Only one study described the ion concentration in serum [39]. The study showed that the degradation of both groups did not affect the Ca2+ levels in serum, and no statistically significant difference was observed for the increase in serum Mg2+ [39].

Clinical findings

Two studies described superior infection resistance in the FLU-coated Mg group compared to the BM group [35, 39]. In the BM group, inflammatory cell infiltration was observed at both one and two weeks; local bleeding was also observed. In the FLU-coated Mg group, there was only local inflammatory cell infiltration at one week, no inflammatory response and bleeding symptoms until two months, and no inflammatory response was observed at three months. The study revealed no obvious sign of inflammation in either group at three months. However, more Mg particles were swallowed by phagocytes in the BM group during the degradation process, and only a few small Mg particles were observed in the FLU-coated Mg group [39]. Five studies showed no foreign cells or signs of inflammation in the FLU-coated Mg or BM group. However, no comparison has been made in other studies [37, 38, 40–42].
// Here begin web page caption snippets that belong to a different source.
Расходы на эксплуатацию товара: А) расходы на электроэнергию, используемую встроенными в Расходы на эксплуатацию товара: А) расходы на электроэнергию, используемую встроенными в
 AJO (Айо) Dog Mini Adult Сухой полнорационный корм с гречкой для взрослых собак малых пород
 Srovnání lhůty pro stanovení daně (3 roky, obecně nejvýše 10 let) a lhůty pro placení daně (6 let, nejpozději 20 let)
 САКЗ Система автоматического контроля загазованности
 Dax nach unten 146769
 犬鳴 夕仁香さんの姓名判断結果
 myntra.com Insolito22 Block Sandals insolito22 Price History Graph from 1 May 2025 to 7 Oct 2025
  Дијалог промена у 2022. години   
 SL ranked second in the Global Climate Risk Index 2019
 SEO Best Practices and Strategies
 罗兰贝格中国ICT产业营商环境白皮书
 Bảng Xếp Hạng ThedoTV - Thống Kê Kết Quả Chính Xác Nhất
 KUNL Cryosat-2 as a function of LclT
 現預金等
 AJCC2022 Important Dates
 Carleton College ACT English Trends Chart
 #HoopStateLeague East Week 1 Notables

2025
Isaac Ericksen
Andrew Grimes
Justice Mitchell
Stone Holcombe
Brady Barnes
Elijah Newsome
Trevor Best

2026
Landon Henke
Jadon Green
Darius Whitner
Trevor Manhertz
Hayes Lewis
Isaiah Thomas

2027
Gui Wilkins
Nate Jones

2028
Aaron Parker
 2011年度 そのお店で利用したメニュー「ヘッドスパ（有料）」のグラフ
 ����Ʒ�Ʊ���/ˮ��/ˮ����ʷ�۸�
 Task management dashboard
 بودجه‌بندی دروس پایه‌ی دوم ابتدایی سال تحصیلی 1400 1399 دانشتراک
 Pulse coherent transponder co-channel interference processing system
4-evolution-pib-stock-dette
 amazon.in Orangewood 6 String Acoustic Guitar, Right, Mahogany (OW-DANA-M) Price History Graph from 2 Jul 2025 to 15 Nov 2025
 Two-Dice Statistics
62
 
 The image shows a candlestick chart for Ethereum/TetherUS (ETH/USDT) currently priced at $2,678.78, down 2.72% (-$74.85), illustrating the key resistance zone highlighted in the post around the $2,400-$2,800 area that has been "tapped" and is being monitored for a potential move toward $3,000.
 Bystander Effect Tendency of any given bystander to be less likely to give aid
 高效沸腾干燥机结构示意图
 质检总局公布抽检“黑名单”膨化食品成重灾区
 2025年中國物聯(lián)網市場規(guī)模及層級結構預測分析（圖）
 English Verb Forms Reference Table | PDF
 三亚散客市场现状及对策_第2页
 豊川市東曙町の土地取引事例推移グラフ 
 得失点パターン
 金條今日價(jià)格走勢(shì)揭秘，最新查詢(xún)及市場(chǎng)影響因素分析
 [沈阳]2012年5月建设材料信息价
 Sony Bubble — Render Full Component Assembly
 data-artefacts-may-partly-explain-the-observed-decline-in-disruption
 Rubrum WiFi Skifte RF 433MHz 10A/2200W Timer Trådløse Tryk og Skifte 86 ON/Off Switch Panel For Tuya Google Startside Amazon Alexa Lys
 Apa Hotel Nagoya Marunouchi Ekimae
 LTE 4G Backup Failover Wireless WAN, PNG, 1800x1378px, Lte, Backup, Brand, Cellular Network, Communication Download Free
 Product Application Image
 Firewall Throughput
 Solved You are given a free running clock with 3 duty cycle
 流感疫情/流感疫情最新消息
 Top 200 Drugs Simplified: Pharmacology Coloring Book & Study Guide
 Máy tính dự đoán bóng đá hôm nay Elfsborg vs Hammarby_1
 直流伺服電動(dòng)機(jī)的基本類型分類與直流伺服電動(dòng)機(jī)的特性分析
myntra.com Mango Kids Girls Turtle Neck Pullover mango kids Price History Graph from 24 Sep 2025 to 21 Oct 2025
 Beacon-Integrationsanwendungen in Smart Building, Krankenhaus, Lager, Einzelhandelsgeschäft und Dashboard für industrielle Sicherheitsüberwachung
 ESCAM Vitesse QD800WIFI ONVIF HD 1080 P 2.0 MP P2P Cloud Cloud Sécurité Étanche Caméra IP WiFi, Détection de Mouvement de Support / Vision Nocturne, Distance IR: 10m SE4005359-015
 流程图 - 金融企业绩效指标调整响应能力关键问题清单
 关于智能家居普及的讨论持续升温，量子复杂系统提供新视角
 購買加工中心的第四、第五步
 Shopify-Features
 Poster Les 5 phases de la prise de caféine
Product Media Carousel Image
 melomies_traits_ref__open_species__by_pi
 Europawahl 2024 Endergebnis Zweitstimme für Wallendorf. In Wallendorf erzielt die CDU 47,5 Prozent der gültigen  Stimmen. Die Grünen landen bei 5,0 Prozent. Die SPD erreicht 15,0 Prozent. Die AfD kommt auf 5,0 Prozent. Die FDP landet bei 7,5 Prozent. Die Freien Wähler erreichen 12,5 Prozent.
3.4.2. Orthopedic Application of FLU-Coated Mg against Ca-P-Coated Mg

Bone repair

New bone formation

Two studies described new bone formation [39, 43]. One study showed that the FLU-coated Mg group exhibited better new bone formation and more compact arrangement of bone trabeculae than the Ca-P-coated Mg group at three months [39]. The trabecular number (TB. N) of the FLU-coated Mg group was significantly lower than that of the Ca-P-coated Mg group at four and eight weeks, which shows poorer bone regeneration ability of the FLU-coated Mg group than the Ca-P-coated Mg group [43].

BV/TV

Only one study described BV/TV [43]. The BV/TV in the FLU-coated Mg group was significantly lower than that in the Ca-P-coated Mg group at four and eight weeks [43].

Material properties

Degradation

Two studies described bone implant degradation [39, 43]. One study showed that the FLU-coated Mg group degraded faster and produced a larger amount of H2 compared with the Ca-P-coated Mg group at four and eight weeks [43]. The opposite results were obtained in another study, and the degradation rate of the FLU-coated Mg group was significantly lower than that of the Ca-P-coated Mg group at three months [39].

Gas formation

Two studies described gas formation [39, 43]. One study showed that a large amount of H2 appeared in the degradation process of FLU-coated Mg at both four and eight weeks, but not in the Ca-P-coated Mg group [43]. Another study revealed that gas shadow was not observed around Mg alloy grafts in both groups, but no comparison was made [39].

Systemic host responses

Influence on the major organs

Only one study described the influence of Mg alloy bone grafts on major organs [39]. Neither the FLU-coated Mg nor the Ca-P-coated Mg impacted the physiological functions of the kidney and liver at three months, and no statistically significant difference was found between the two groups.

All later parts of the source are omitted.